_DATA SHOWN_:
◇ ◇ ◇
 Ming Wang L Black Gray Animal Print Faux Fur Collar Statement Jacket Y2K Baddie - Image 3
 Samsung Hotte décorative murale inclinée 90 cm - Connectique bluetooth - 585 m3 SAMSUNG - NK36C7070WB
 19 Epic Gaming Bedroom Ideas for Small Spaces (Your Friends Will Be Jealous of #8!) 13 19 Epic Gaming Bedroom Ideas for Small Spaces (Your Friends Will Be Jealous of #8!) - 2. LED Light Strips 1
◇ ◇ ◇
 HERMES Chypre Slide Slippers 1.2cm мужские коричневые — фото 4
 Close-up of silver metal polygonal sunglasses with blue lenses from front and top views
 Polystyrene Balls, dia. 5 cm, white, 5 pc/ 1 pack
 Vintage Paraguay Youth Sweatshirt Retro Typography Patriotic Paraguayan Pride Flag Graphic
◇ ◇ ◇
_ASSIGNED TASK_:
Both the line containing "HERMES Chypre Slide" and the line containing "Vintage Paraguay Youth" belong in the answer. Print them and every line above that falls between them exactly, and no others.

_COMPLETED EXERCISE_:
 HERMES Chypre Slide Slippers 1.2cm мужские коричневые — фото 4
 Close-up of silver metal polygonal sunglasses with blue lenses from front and top views
 Polystyrene Balls, dia. 5 cm, white, 5 pc/ 1 pack
 Vintage Paraguay Youth Sweatshirt Retro Typography Patriotic Paraguayan Pride Flag Graphic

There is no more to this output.